**Task to carry out**
Below this line are records; transcribe exactly the lines between the one holding "Hello, I hope" and the one holding "Maintainability: Consistent code", inclusive, and omit the pictures.

**Record set**
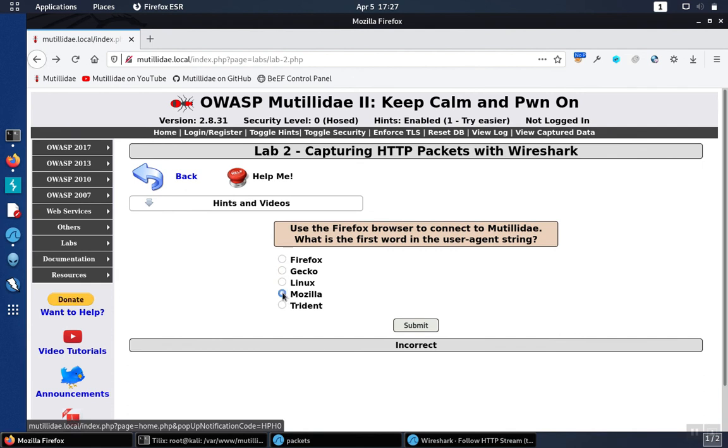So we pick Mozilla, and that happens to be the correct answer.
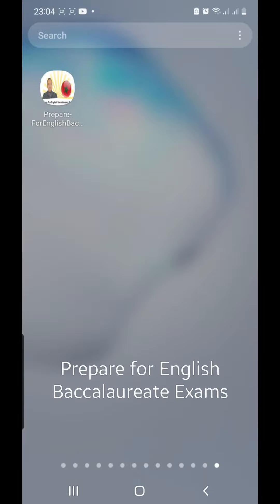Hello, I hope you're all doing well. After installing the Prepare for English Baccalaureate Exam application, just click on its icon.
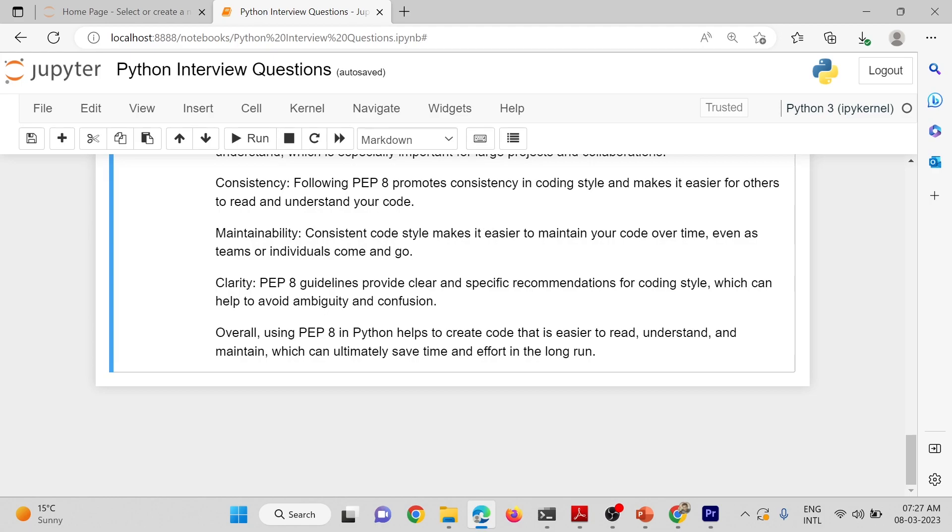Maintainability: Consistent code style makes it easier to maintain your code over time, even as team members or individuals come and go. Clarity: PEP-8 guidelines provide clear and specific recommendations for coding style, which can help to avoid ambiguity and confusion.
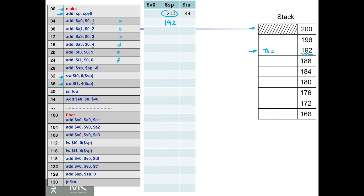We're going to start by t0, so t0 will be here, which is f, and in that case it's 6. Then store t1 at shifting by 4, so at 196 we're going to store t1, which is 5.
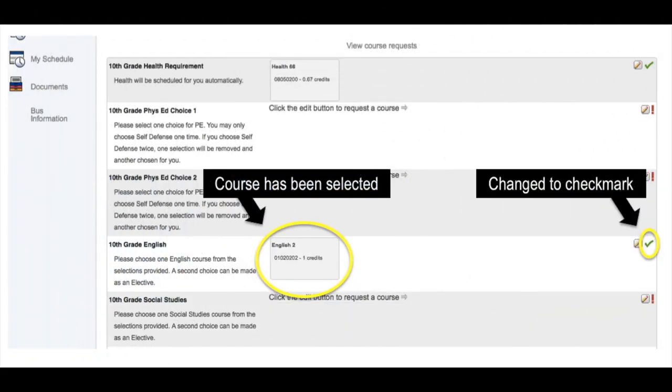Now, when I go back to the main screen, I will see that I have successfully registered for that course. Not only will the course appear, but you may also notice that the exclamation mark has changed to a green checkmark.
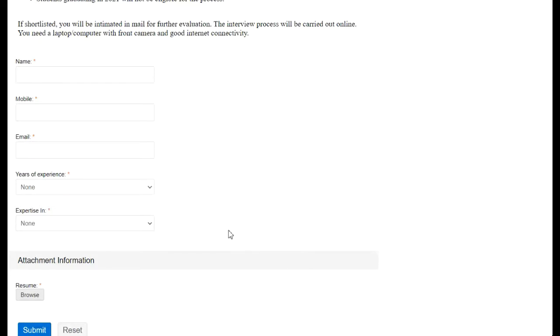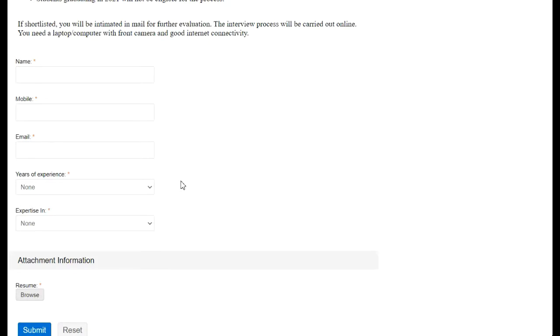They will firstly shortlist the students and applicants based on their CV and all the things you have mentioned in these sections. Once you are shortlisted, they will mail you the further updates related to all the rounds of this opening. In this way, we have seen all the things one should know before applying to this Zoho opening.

**Task result**
Hello, I hope you're all doing well. After installing the Prepare for English Baccalaureate Exam application, just click on its icon.
Maintainability: Consistent code style makes it easier to maintain your code over time, even as team members or individuals come and go. Clarity: PEP-8 guidelines provide clear and specific recommendations for coding style, which can help to avoid ambiguity and confusion.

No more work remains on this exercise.